Все то, чему мы чужды, нас влечет: деревья, все во власти вырастанья, все скрытое, ушедшее в молчанье, — но только так замкнется оборот,
который нас к себе же возвратит, в свое заветное от всякого чужого. О вещи, в звездах ищущие крова! Вас краткость нашей жизни не стеснит…

От Рильке был естественным шаг более чем на столетие назад, к революционному романтику Фридриху Гёльдерлину, искавшему свой идеал в свободолюбии древних греков. Не признанный своими процветающими старшими современниками Гёте и Шиллером, он в античных строфах искал выхода к высокому и вольному времени. В стихотворении «Мирская молва» он писал:

Нынче сердце мое жизни святой полно. Счастлив я и люблю. Вы же внимали мне, Лишь когда я гордыни, Пустословья исполнен был. Привлекает толпу лишь гомон рыночный, И в чести у раба лишь сила властная. Чтит божественный образ, Лишь кто богу подобен сам.

В сонетах Шамиссо я увидел отголоски шекспировского гнева. Закономерным был переход к современности от этих авторов. Прежде всего к Брехту, родоначальнику прогрессивной немецкой поэзии сегодня, к Бобровскому, острее многих передавшему военную и послевоенную думу обманутого поколения.

Человек и его жизнь — цель искусства, что точно выражено в строках поэта из ГДР Хайнца Чеховского:

Люди — цель всех наших мечтаний… Цель искусства — чтоб проснулись они после ночи тревожной и сказали себе:
— Твой день пришел, человек!

Что касается взаимоотношения перевода, осознания национальной традиции и собственных опытов, то мне представляется, что все поэты на всех языках пишут одну огромную поэму. Без работы над переводами не было бы многих моих стихов, как не было бы их и без знакомства личного со многими поэтами других языков, ставших мне близкими. И я благодарен им — добрым моим друзьям.

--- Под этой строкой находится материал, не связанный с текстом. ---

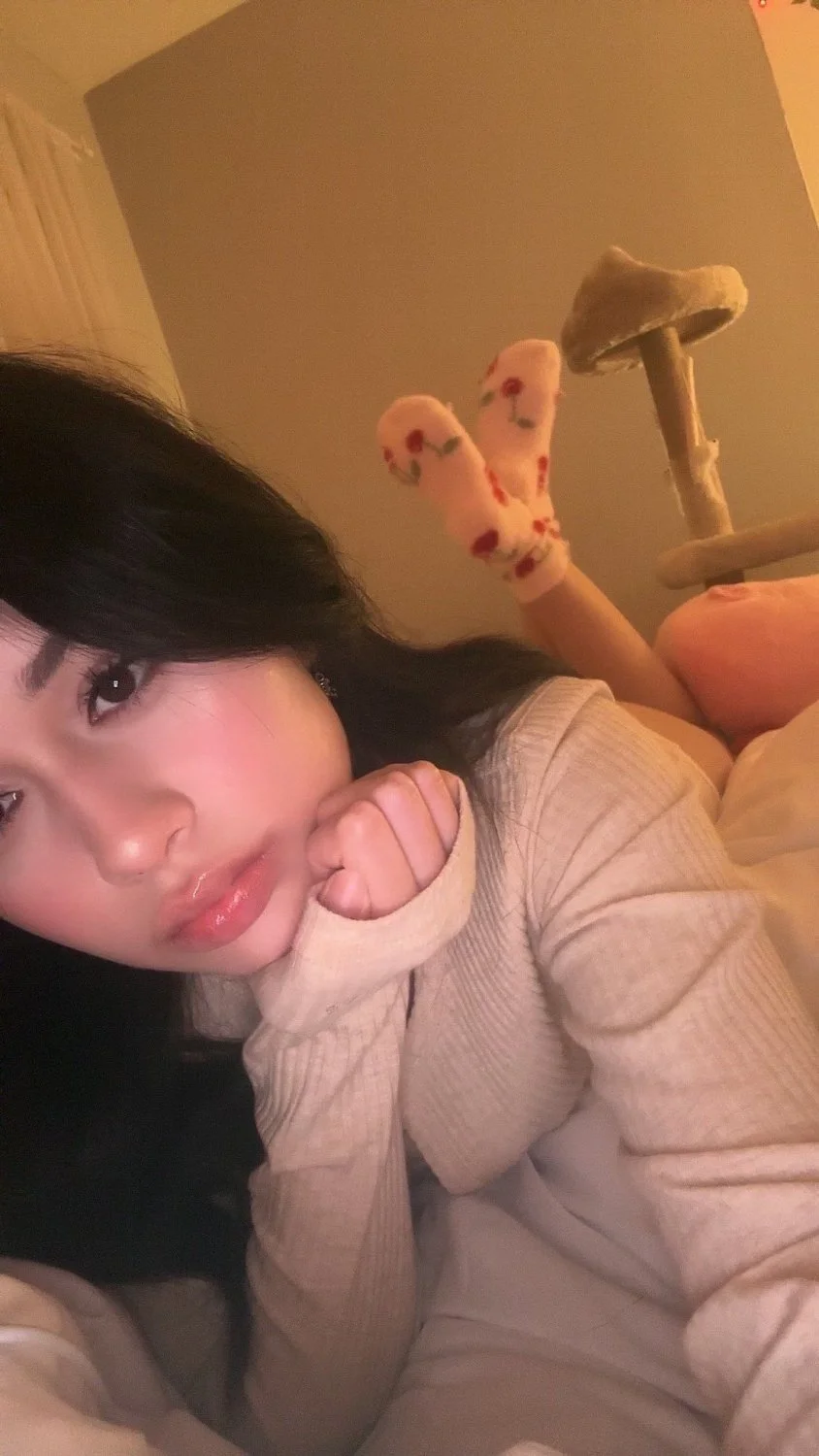 Petite 19yr shows off feet image 6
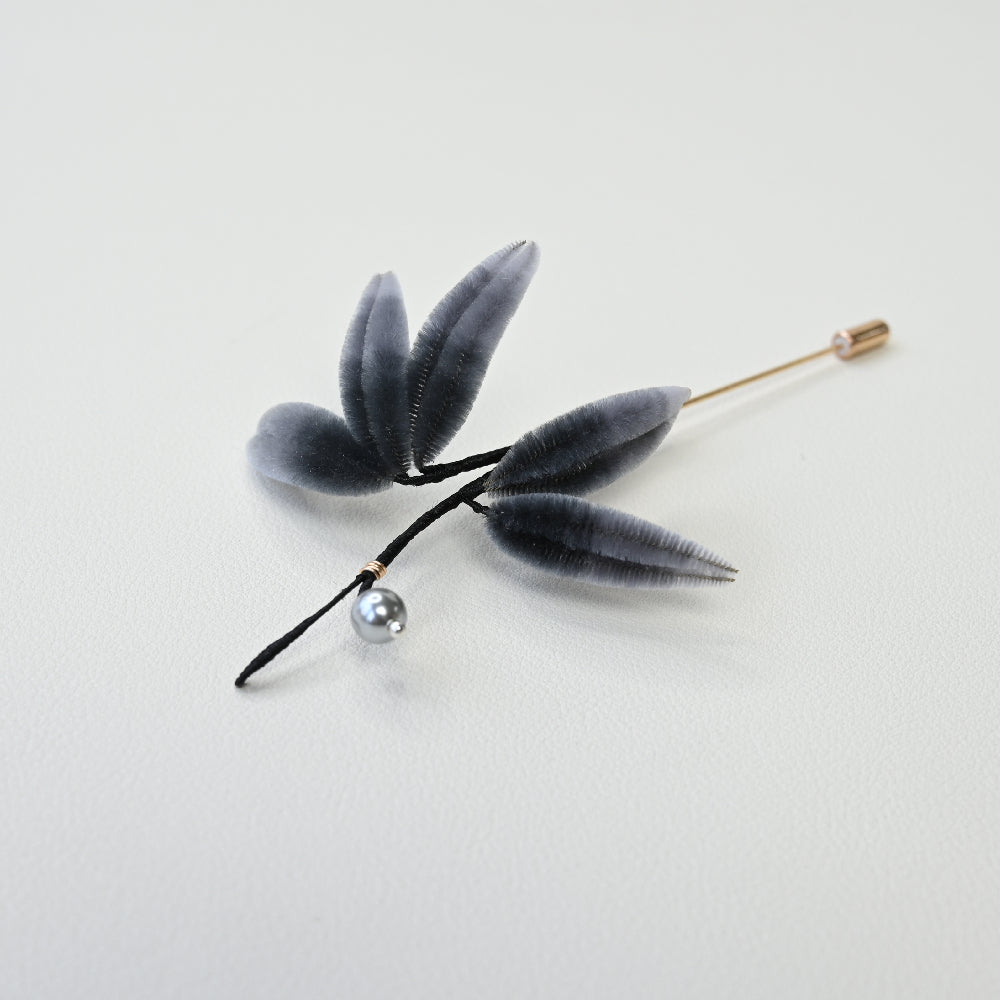 Handmade Ronghua- Soft Bamboo Leaf Brooch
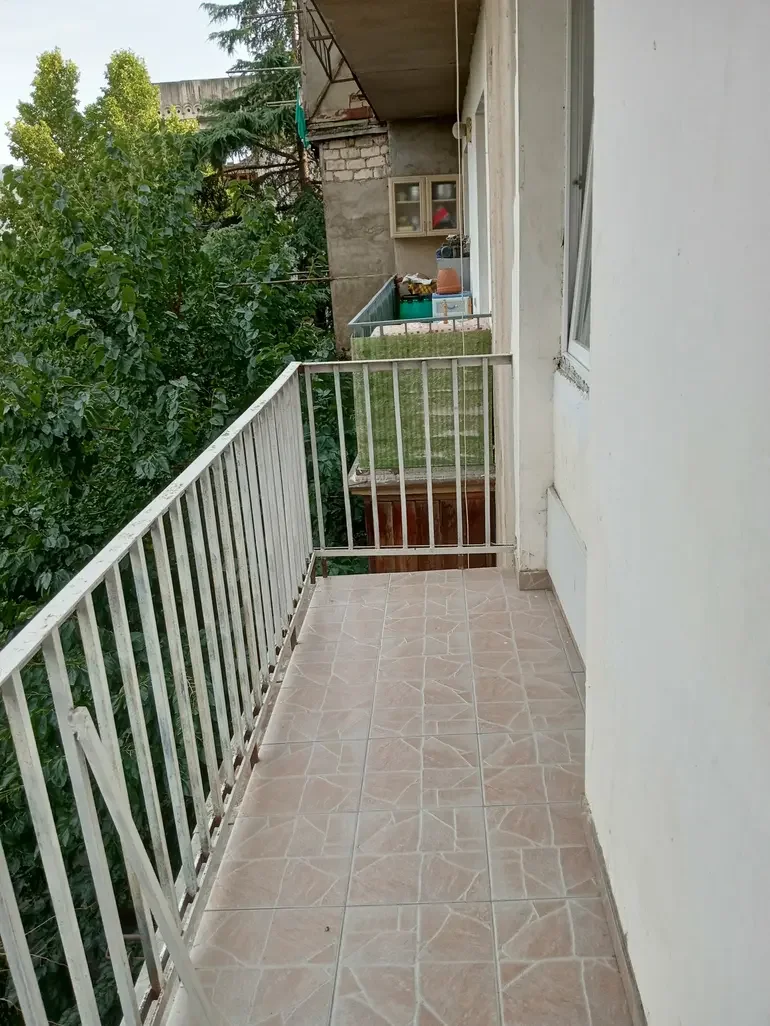ქირავდება 3 ოთახიანი ბინა საბურთალოზე - ფოტო 4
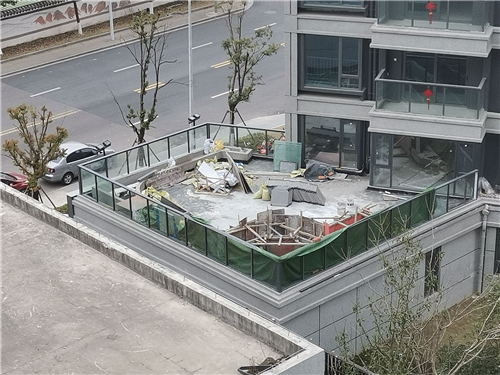 北仑卓越维港业主改造大片非上人屋面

Однажды в Москве я рассказал Хайнцу Калау, приехавшему во главе делегации молодых поэтов ГДР, об одном способе думать, лежа на сибирской земле (это было воспоминание детства), чувствуя за спиной всю нашу землю. Через несколько лет он опубликовал стихотворение под названием «Метод Славы». Кончается оно так:

Потому мы лежим порою в разных точках планеты спина к спине, и нет ничего между нами, кроме земли, и одни и те же проблемы в одно и то же время.